Graffiti is the practice of systematically and stylistically marking infrastructure.
Since graffiti as a spatial practice and urban art movement pre-dates hip hop by over 10 years (having begun in Philadelphia with the writer Cornbread in the late 1960s) it is spurious at best to link graffiti and hip hop as mutually constitutive. Furthermore, many of the most prolific graffiti writers have been inspired by punk, heavy metal, classic oldies, and funk in addition to hip hop. Since graffiti is a spatial practice produced on both private and public spaces, "graffiti style" lettering and characters in sanctioned spaces such as galleries or places of capitalist consumption on canvas, t-shirts, or any other packaged and confined objects merely shares in and emulates stereotypical graffiti imagery, but is not itself graffiti.

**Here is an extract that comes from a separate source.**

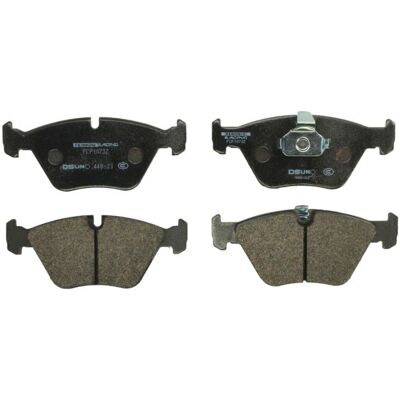 Remblokset Ferodo Fcp1073z Remblokset Ferodo Fcp1073z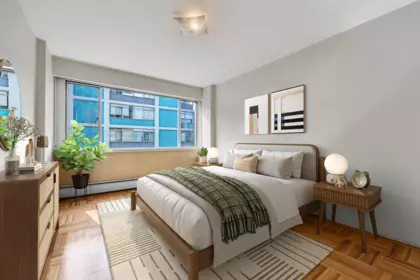 Pantry Photo of 301 1050 Chilco Street, Vancouver, BC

Graffiti cannot accurately be attributed to any one group or style of practitioner other than those who adhere to the aesthetic norms and mores of the graffiti community at large.
by Stefano Bloch February 16, 2008
The use of spray paint, markers, etc. to draw (or "tag" if you're using spray paint) on public or private property. Considered to be a form of vandalism, but a form of "art" to those who partake in it.
by El dorito November 24, 2009
graffiti is a tradition of man.. before it really became more evolved in the subway yards and on the streets of new york by its inner city youth. graffiti consists of individuals with their own alter ego, name. that they use to "bomb" with. (to go out and get their name up everywhere they go) usually when these individuals start off they are influenced by the style and artform of the letters. some are also influenced by the names seen around their city or just graffiti itself. graffiti is also the first element of hip-hop and tagging is the first element of graffiti. graffiti can be very simple on the outside. but once explored there are many things one must be open minded enough to learn.
by Gasp One September 23, 2004
Art that uses the world as a canvas. If the artist has paid to use the canvas, it can no longer be considered graffiti. Tagging, printed stickers, pieces, and posters can all be considered graffiti, as long as they do not include any corporate advertising.
Tags, stickers, pieces, posters, are all graffiti.